Requirement>
Quote, exactly, the line holding "Tällä vauvalla oli" and all lines after it to the end of the records below. Exclude pictures.

Task material>
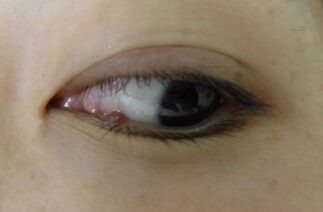 下眼瞼母斑 治療前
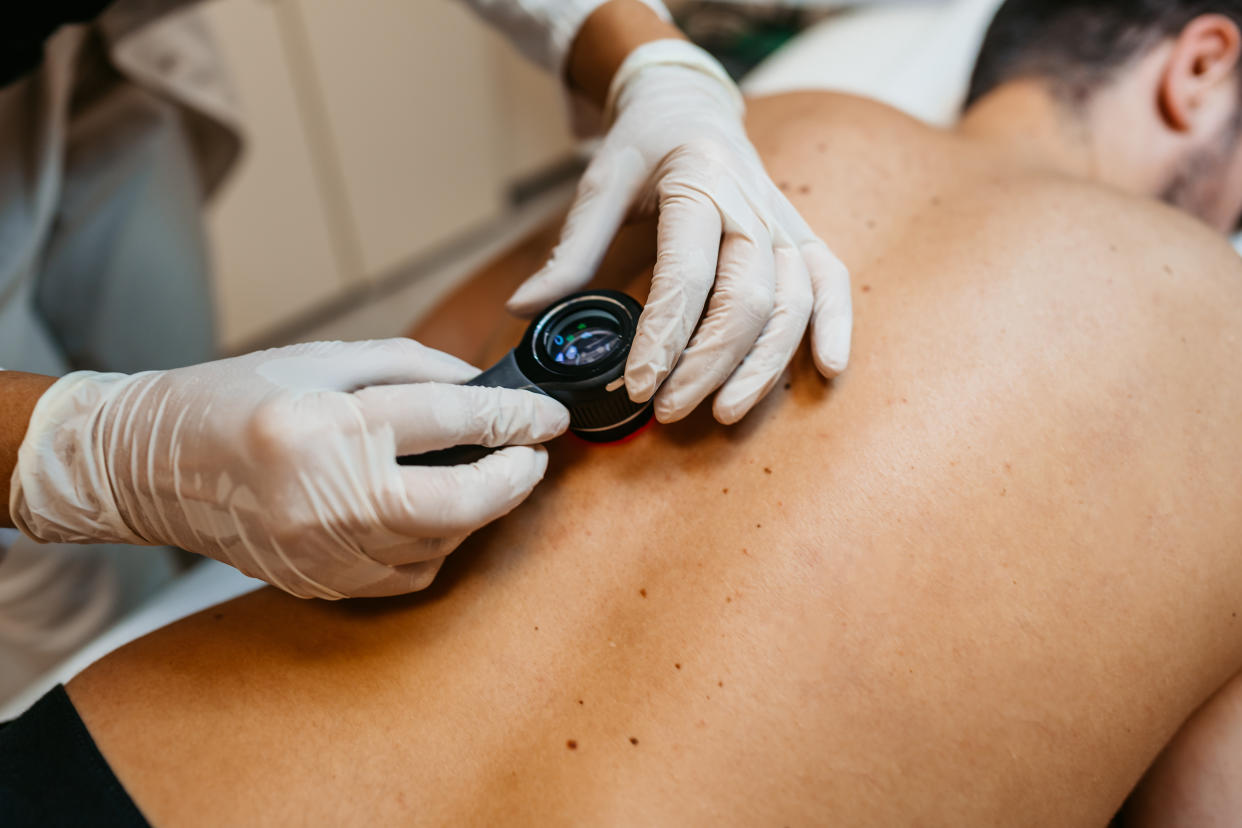 Doctor examines a male patient's back for signs of skin cancer. (Getty Images)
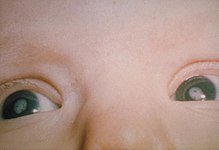 Tällä vauvalla oli syntyessään vihurirokon aiheuttama harmaakaihi (sameat valkoiset silmälinssit).  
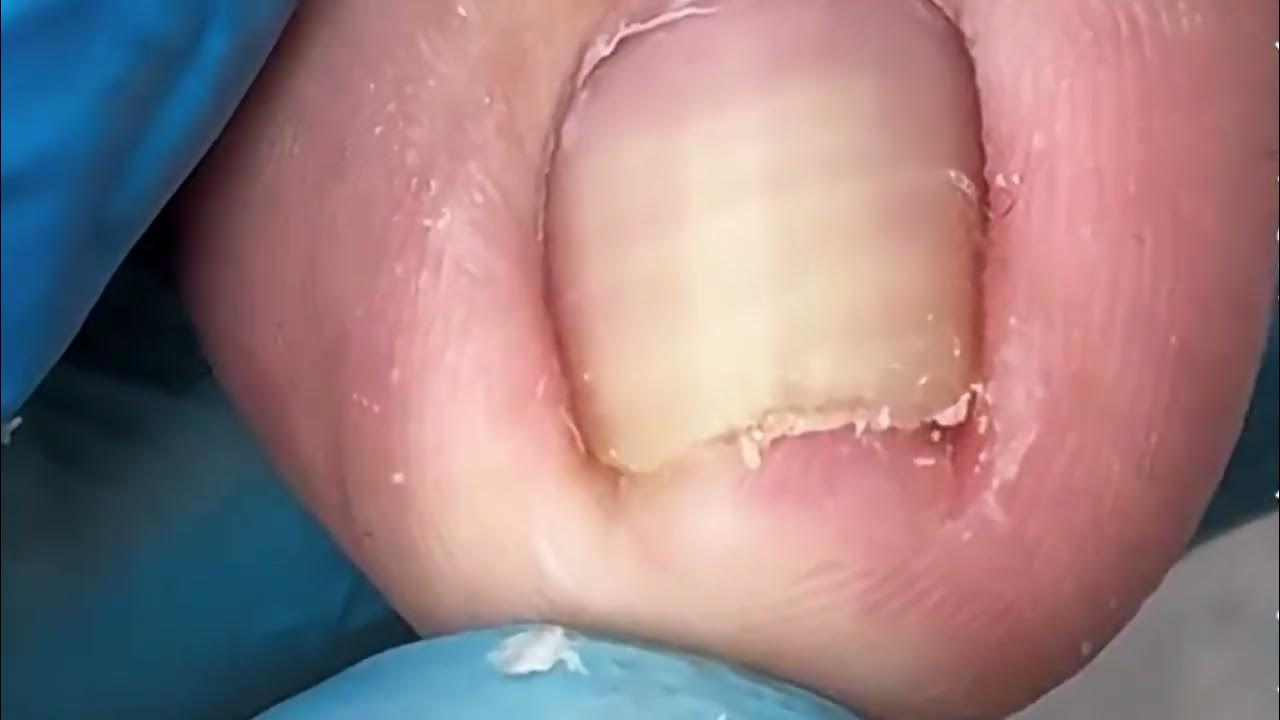 How To Remove Dirt and Ingrown Toenails at Home YouTube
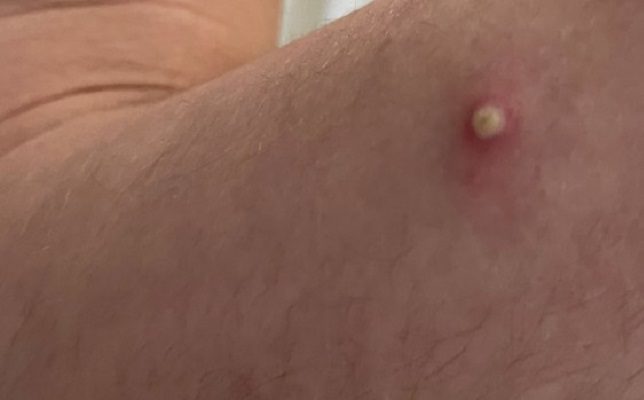 Casos de viruela del mono han disminuido 21% en todo el mundo: OMS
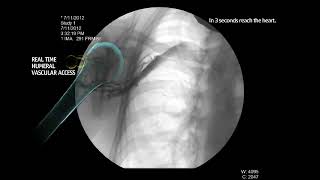 EZ IO Infusion Fluoroscopy Proximal Humerus [upl. by Macdermot]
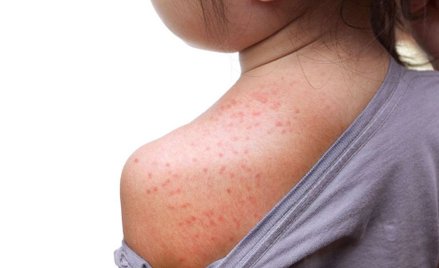 Nowozelandzka gazeta wyśmiewa wybuch epidemii odry na Samoa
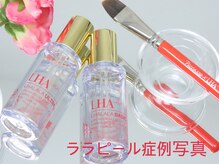 リクラ 北千住(Reclat)/ララピール症例写真↓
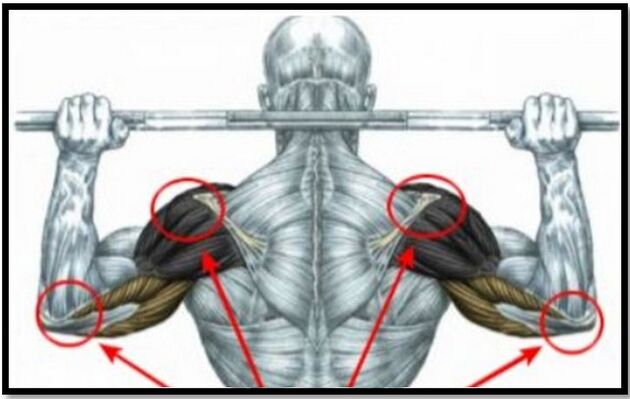 The strain on the muscles of the shoulder and elbow is one of the causes of arthrosis of the shoulder joint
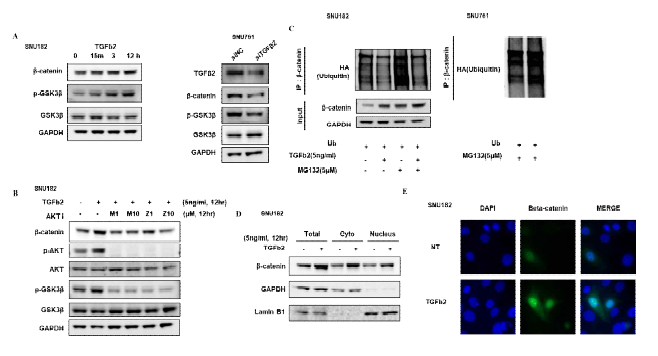 TGFβ2 신호전달에 의한 GSK3β/β-catenin 활성화 기전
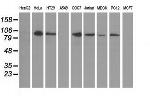 PRKD2 Antibody in Western Blot (WB)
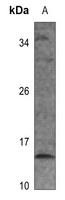RPS12 Rabbit Polyclonal Antibody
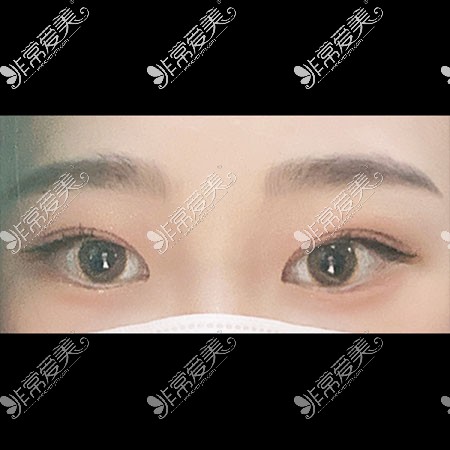 韩国icon双眼皮术后图片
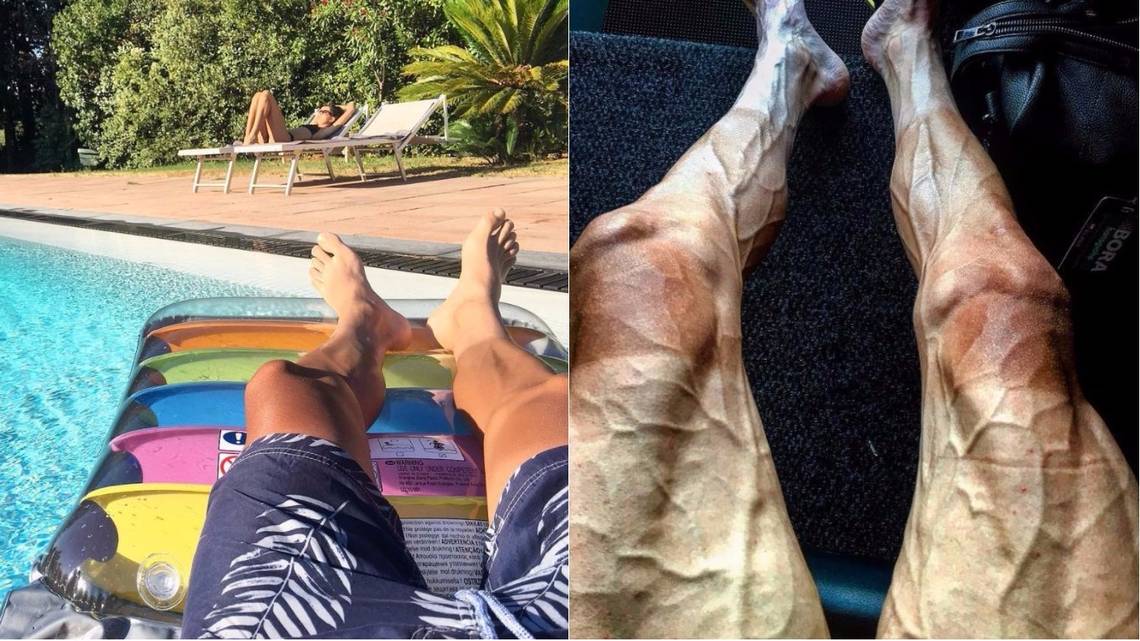 Impresionante: Pawel Poljánski muestra con una foto de sus piernas el sufrimiento de los ciclistas en el Tour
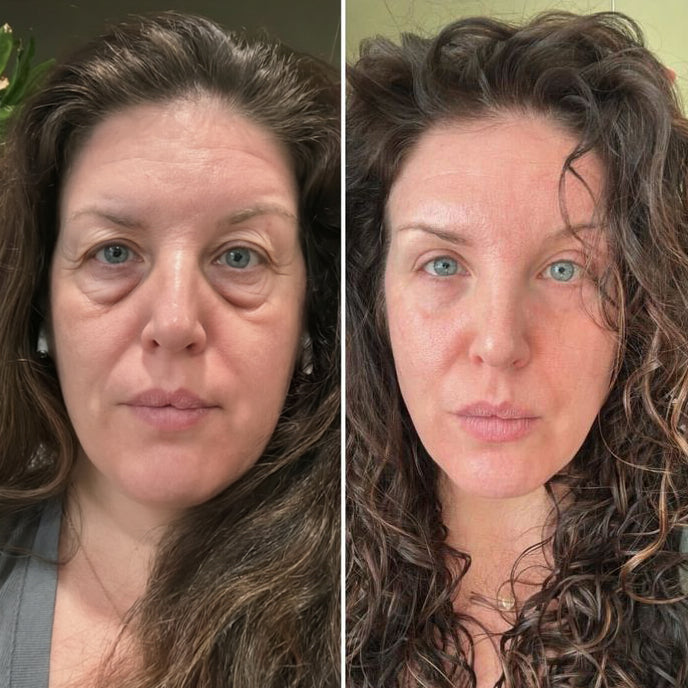 Before and after smoother looking skin
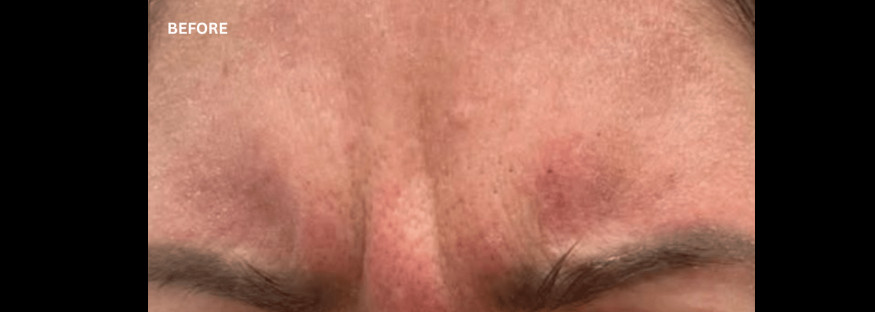Before treatment: a close view of a forehead and the tops of the brows, with creases and redness between the brows, labelled “BEFORE”.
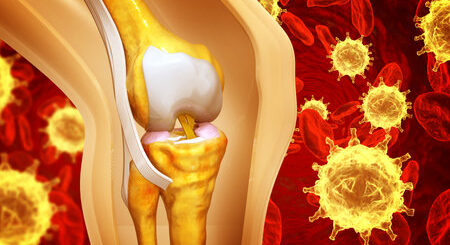 Définition, Cancer des os et soin naturel
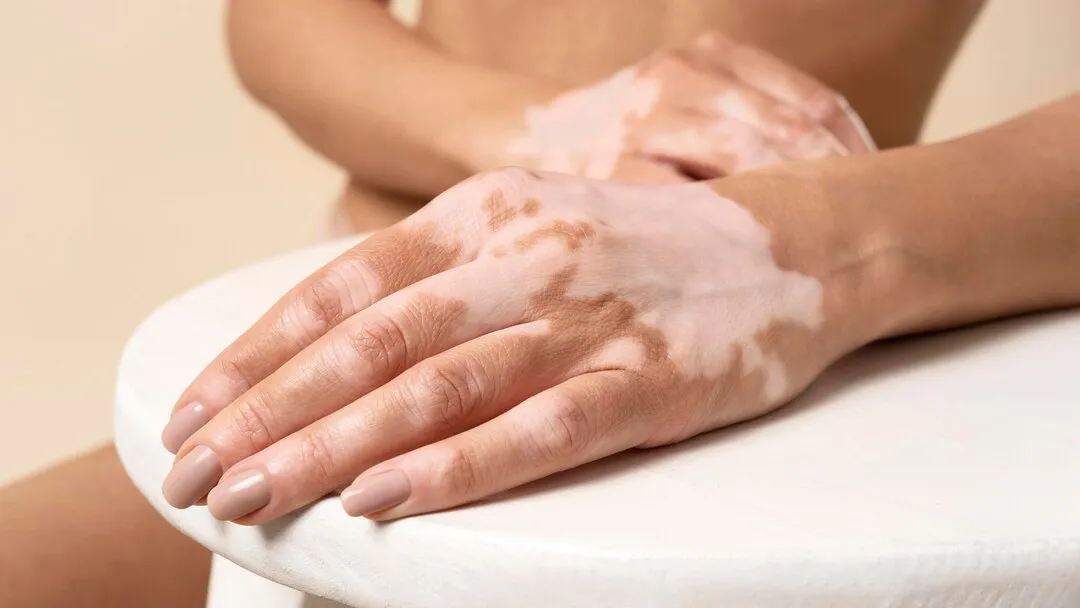 Vitiligo care illustration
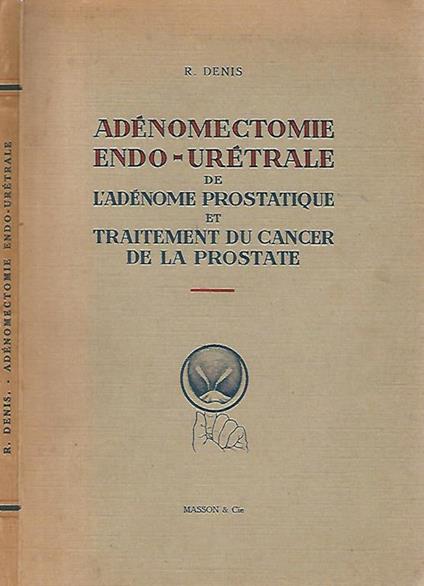 Adenomectomie endo - uretrale de l'adenome prostatique et traitement du cancer de la prostate - Roland Denis - copertina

Expected output>
 Tällä vauvalla oli syntyessään vihurirokon aiheuttama harmaakaihi (sameat valkoiset silmälinssit).  
 How To Remove Dirt and Ingrown Toenails at Home YouTube
 Casos de viruela del mono han disminuido 21% en todo el mundo: OMS
 EZ IO Infusion Fluoroscopy Proximal Humerus [upl. by Macdermot]
 Nowozelandzka gazeta wyśmiewa wybuch epidemii odry na Samoa
 リクラ 北千住(Reclat)/ララピール症例写真↓
 The strain on the muscles of the shoulder and elbow is one of the causes of arthrosis of the shoulder joint
 TGFβ2 신호전달에 의한 GSK3β/β-catenin 활성화 기전
 PRKD2 Antibody in Western Blot (WB)
RPS12 Rabbit Polyclonal Antibody
 韩国icon双眼皮术后图片
 Impresionante: Pawel Poljánski muestra con una foto de sus piernas el sufrimiento de los ciclistas en el Tour
 Before and after smoother looking skin
Before treatment: a close view of a forehead and the tops of the brows, with creases and redness between the brows, labelled “BEFORE”.
 Définition, Cancer des os et soin naturel
 Vitiligo care illustration
 Adenomectomie endo - uretrale de l'adenome prostatique et traitement du cancer de la prostate - Roland Denis - copertina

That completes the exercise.